• **THE TASK**
Omitting the pictures, print every line below exactly as it stands.

Segment Start: DATASET RECORDS

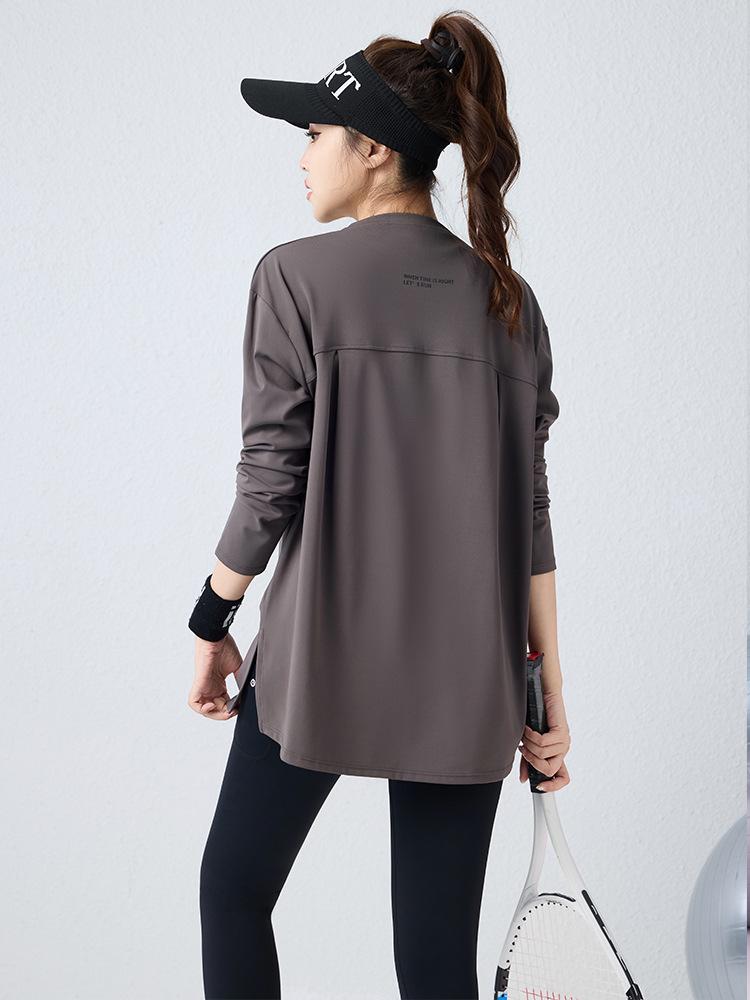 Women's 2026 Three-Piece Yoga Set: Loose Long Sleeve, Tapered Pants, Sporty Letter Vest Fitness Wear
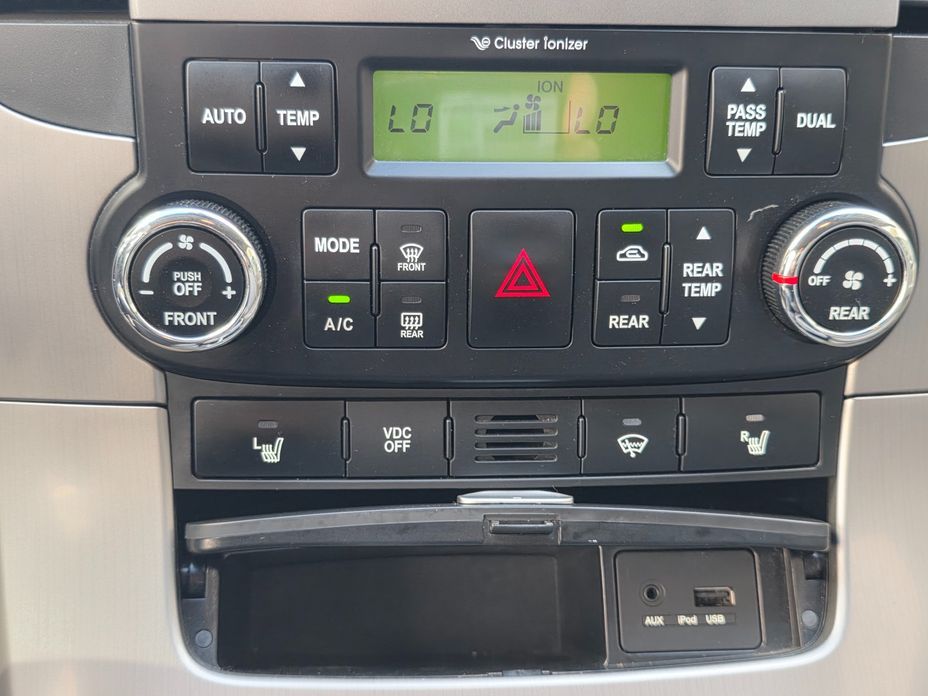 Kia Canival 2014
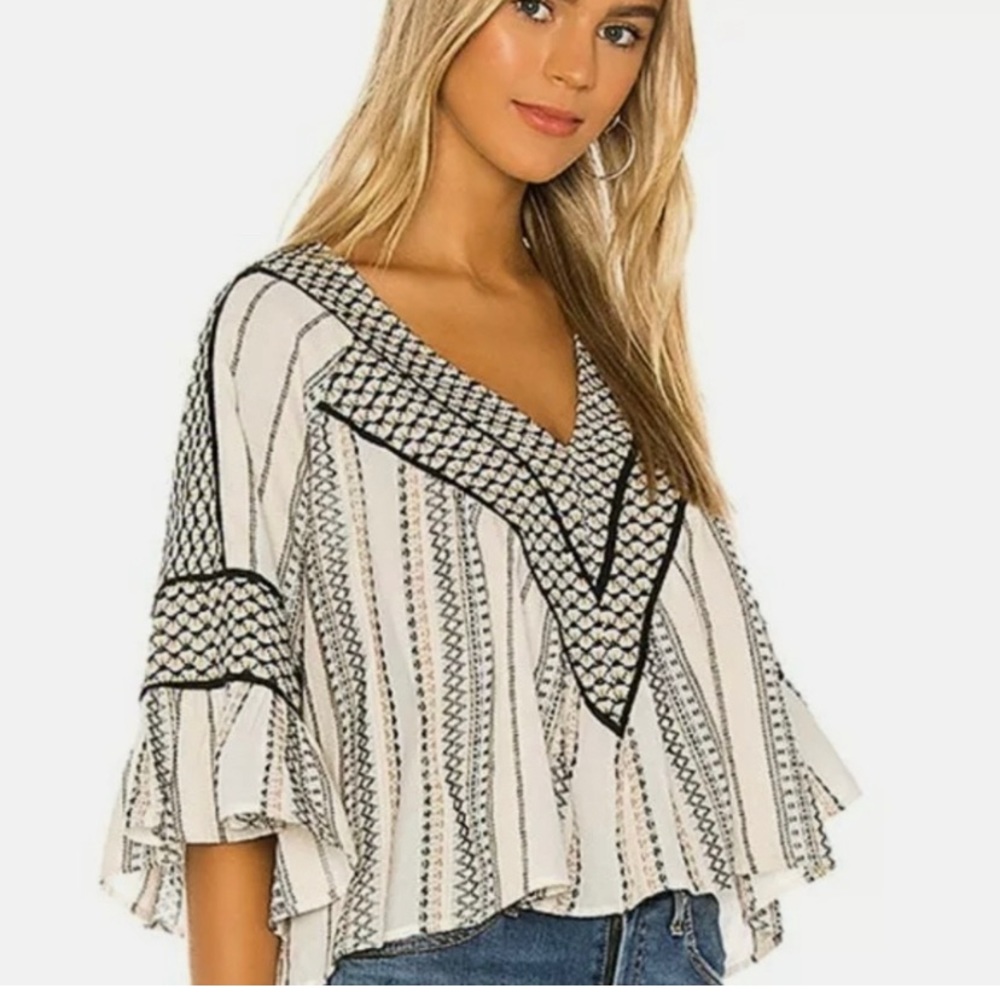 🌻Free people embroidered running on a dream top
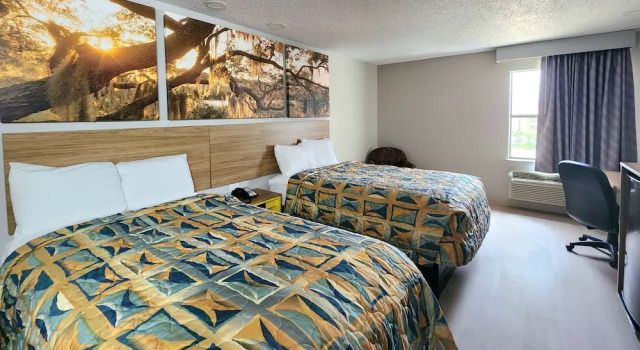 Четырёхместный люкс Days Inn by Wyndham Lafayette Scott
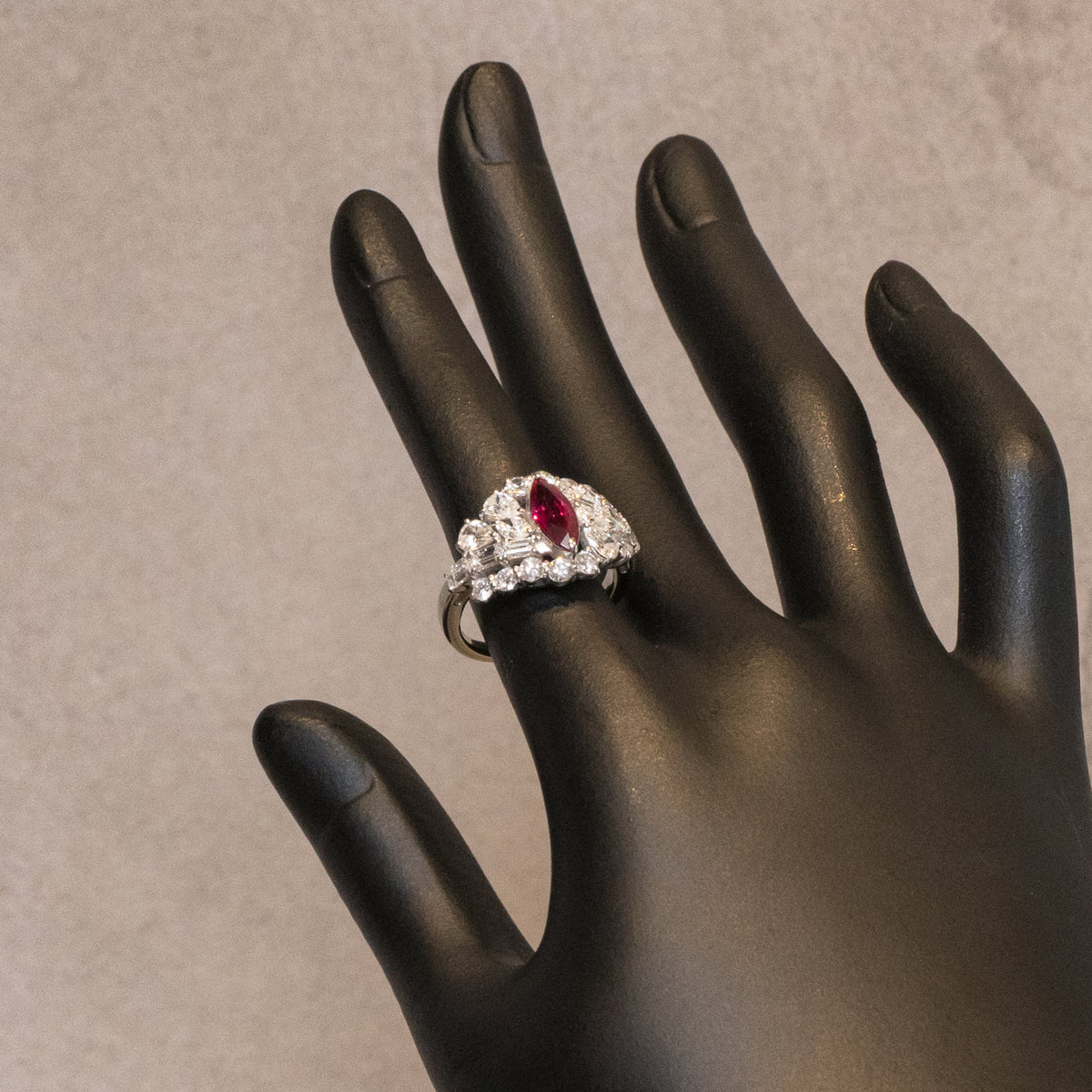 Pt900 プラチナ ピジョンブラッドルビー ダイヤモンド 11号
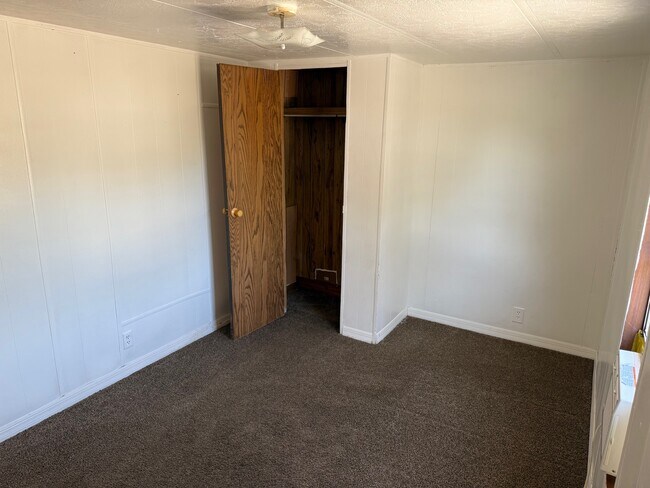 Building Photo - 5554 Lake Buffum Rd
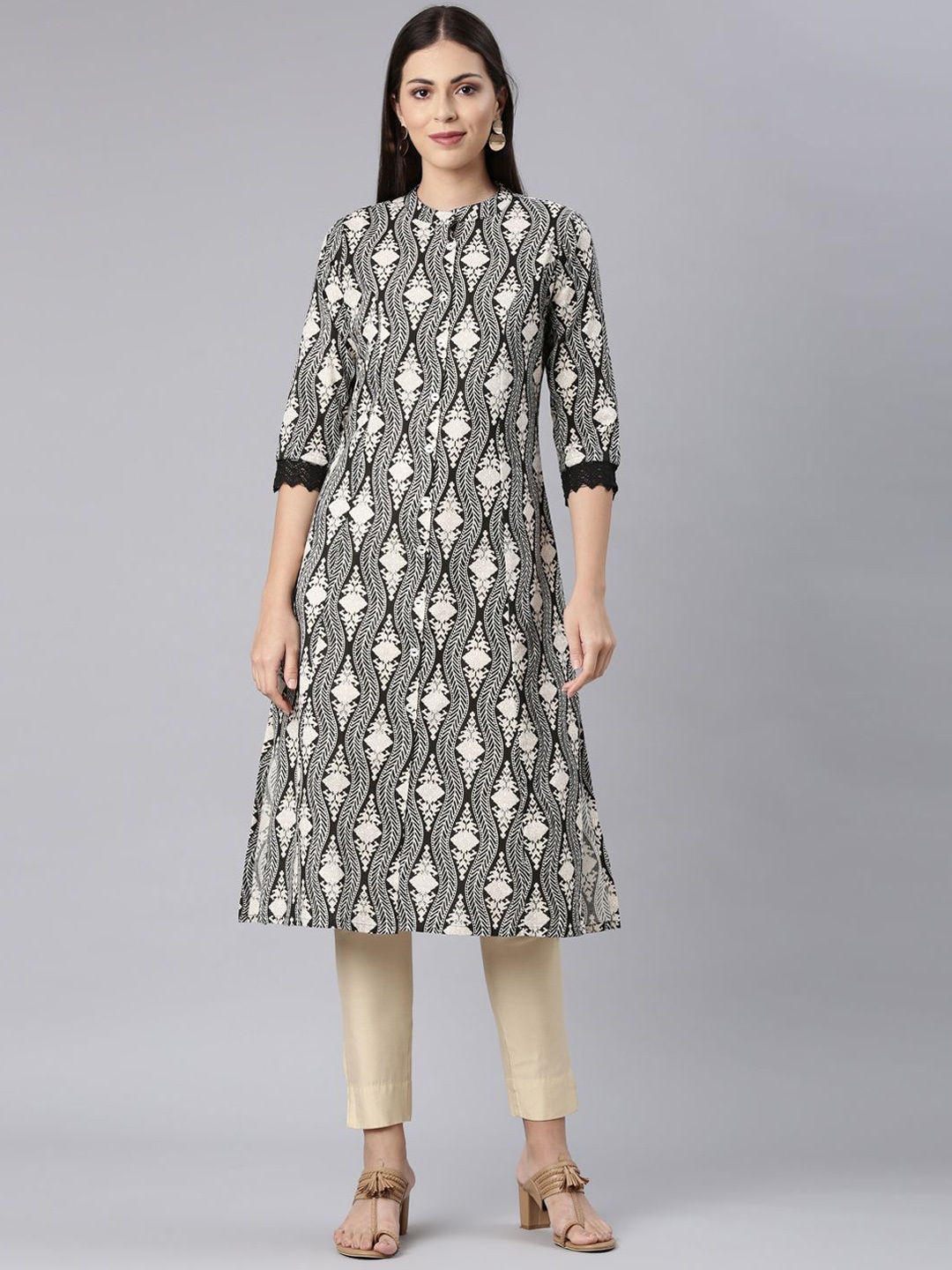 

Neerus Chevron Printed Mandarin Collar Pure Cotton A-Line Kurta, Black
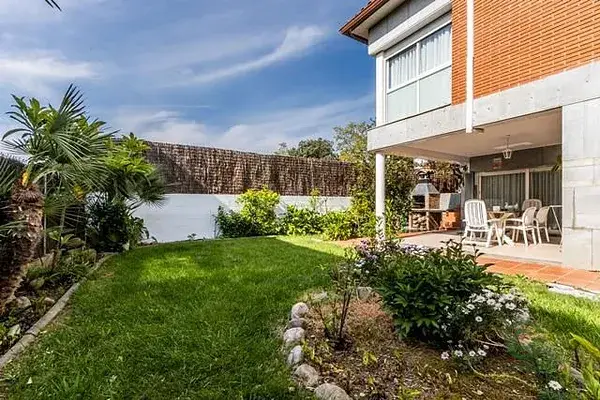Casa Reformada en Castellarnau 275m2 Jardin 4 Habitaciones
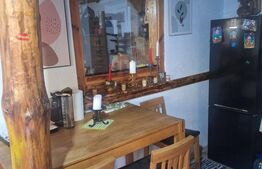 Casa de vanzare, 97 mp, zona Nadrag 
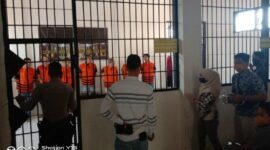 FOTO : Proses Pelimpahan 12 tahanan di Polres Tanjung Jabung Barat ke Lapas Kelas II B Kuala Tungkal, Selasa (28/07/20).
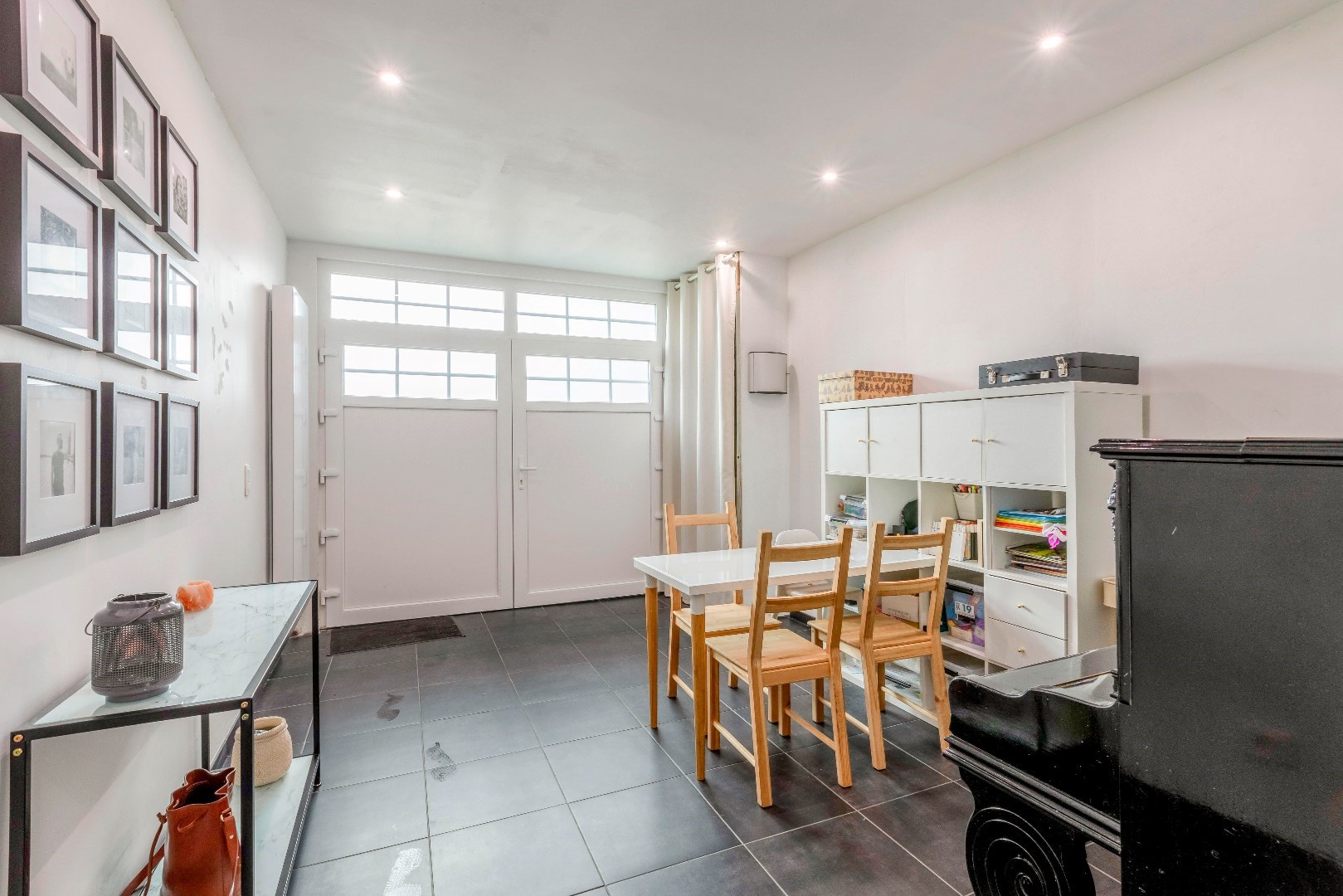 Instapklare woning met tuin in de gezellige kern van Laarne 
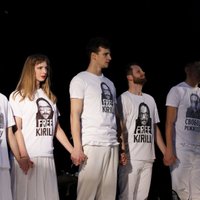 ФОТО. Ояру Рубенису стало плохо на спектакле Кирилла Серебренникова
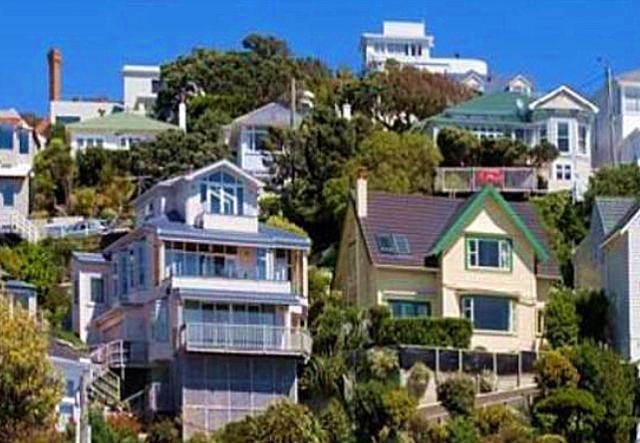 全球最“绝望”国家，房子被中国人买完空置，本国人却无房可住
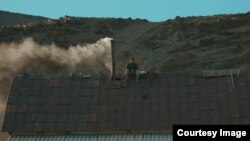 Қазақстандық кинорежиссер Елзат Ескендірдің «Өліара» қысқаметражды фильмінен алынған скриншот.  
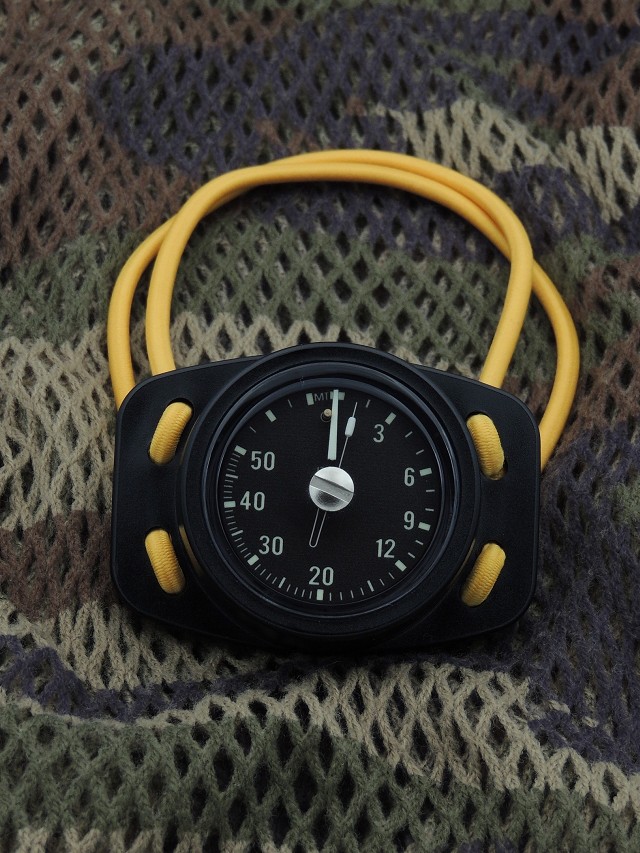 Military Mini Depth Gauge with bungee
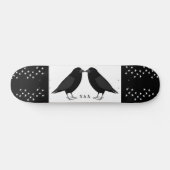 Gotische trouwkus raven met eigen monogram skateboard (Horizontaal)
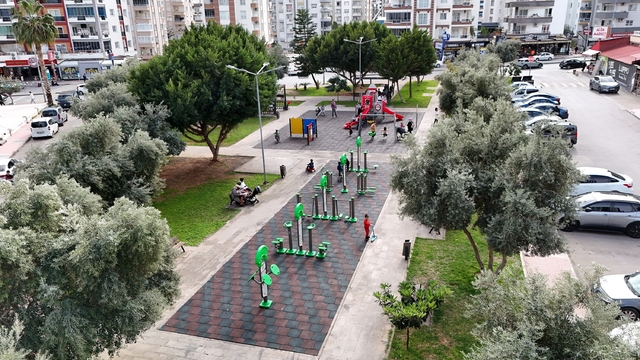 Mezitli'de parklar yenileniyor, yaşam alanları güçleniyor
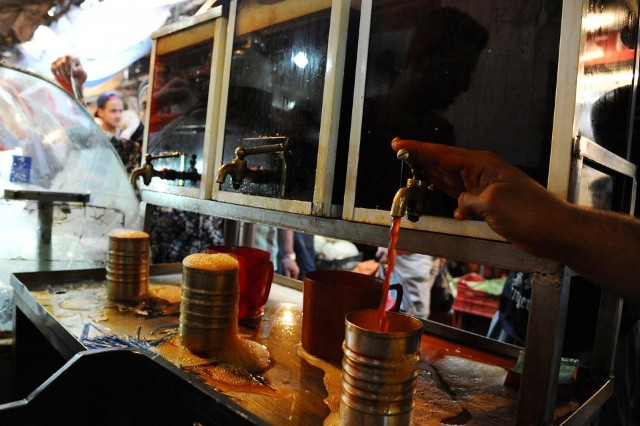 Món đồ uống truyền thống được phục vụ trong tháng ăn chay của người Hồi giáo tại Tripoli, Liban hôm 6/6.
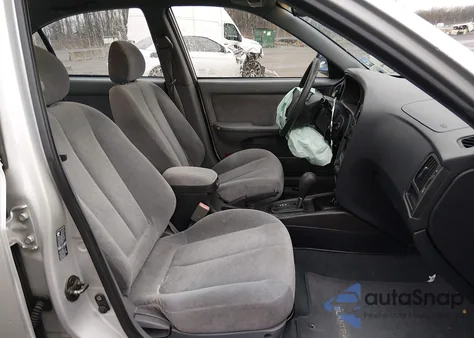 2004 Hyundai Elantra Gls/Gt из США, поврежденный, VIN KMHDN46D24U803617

Segment End: DATASET RECORDS

• **RESULT BELOW**
 Women's 2026 Three-Piece Yoga Set: Loose Long Sleeve, Tapered Pants, Sporty Letter Vest Fitness Wear
 Kia Canival 2014
 🌻Free people embroidered running on a dream top
 Четырёхместный люкс Days Inn by Wyndham Lafayette Scott
 Pt900 プラチナ ピジョンブラッドルビー ダイヤモンド 11号
 Building Photo - 5554 Lake Buffum Rd

Neerus Chevron Printed Mandarin Collar Pure Cotton A-Line Kurta, Black
Casa Reformada en Castellarnau 275m2 Jardin 4 Habitaciones
 Casa de vanzare, 97 mp, zona Nadrag 
 FOTO : Proses Pelimpahan 12 tahanan di Polres Tanjung Jabung Barat ke Lapas Kelas II B Kuala Tungkal, Selasa (28/07/20).
 Instapklare woning met tuin in de gezellige kern van Laarne 
 ФОТО. Ояру Рубенису стало плохо на спектакле Кирилла Серебренникова
 全球最“绝望”国家，房子被中国人买完空置，本国人却无房可住
 Қазақстандық кинорежиссер Елзат Ескендірдің «Өліара» қысқаметражды фильмінен алынған скриншот.  
 Military Mini Depth Gauge with bungee
 Gotische trouwkus raven met eigen monogram skateboard (Horizontaal)
 Mezitli'de parklar yenileniyor, yaşam alanları güçleniyor
 Món đồ uống truyền thống được phục vụ trong tháng ăn chay của người Hồi giáo tại Tripoli, Liban hôm 6/6.
 2004 Hyundai Elantra Gls/Gt из США, поврежденный, VIN KMHDN46D24U803617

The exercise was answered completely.